▸ Task statement
Retype the data below verbatim; pictures do not belong in the copy.

▸ Provided material
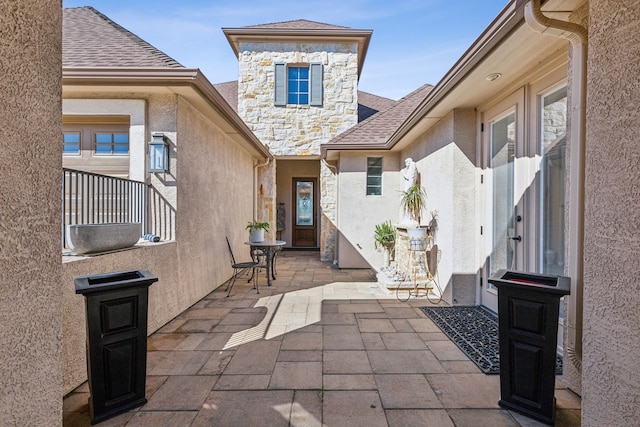 entrance to property with a patio area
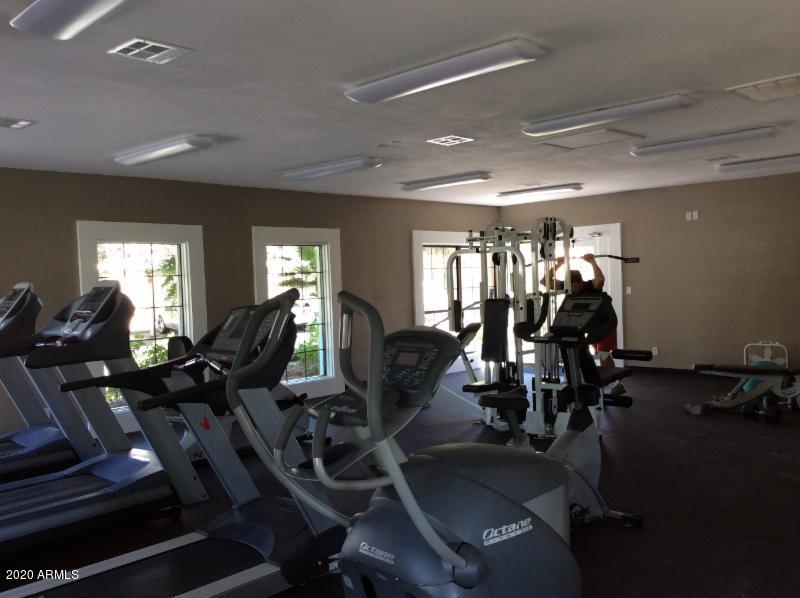 8787 East Mountain View Road, Unit 1014 Scottsdale, AZ 85258 - Photo 22 of 27 a room with lots of gym equipment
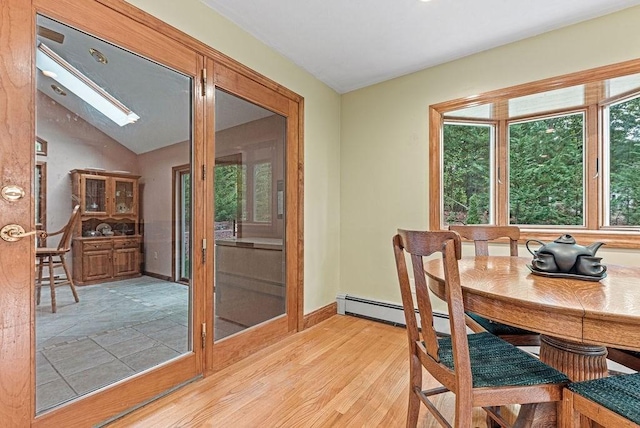 525 Thurston St, Wrentham, MA 02093 - dining space with a skylight, light wood-style flooring, baseboards, and lofted ceiling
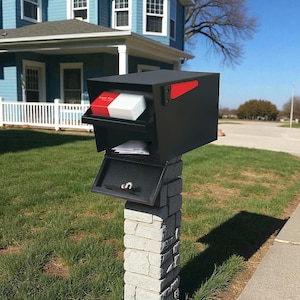 May include: A modern black mailbox with a red accent on the side, mounted on a stone pillar. The mailbox has two compartments, one open and holding mail, the other holding a stack of white and red cards.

▸ Answer box
 entrance to property with a patio area
 8787 East Mountain View Road, Unit 1014 Scottsdale, AZ 85258 - Photo 22 of 27 a room with lots of gym equipment
 525 Thurston St, Wrentham, MA 02093 - dining space with a skylight, light wood-style flooring, baseboards, and lofted ceiling
 May include: A modern black mailbox with a red accent on the side, mounted on a stone pillar. The mailbox has two compartments, one open and holding mail, the other holding a stack of white and red cards.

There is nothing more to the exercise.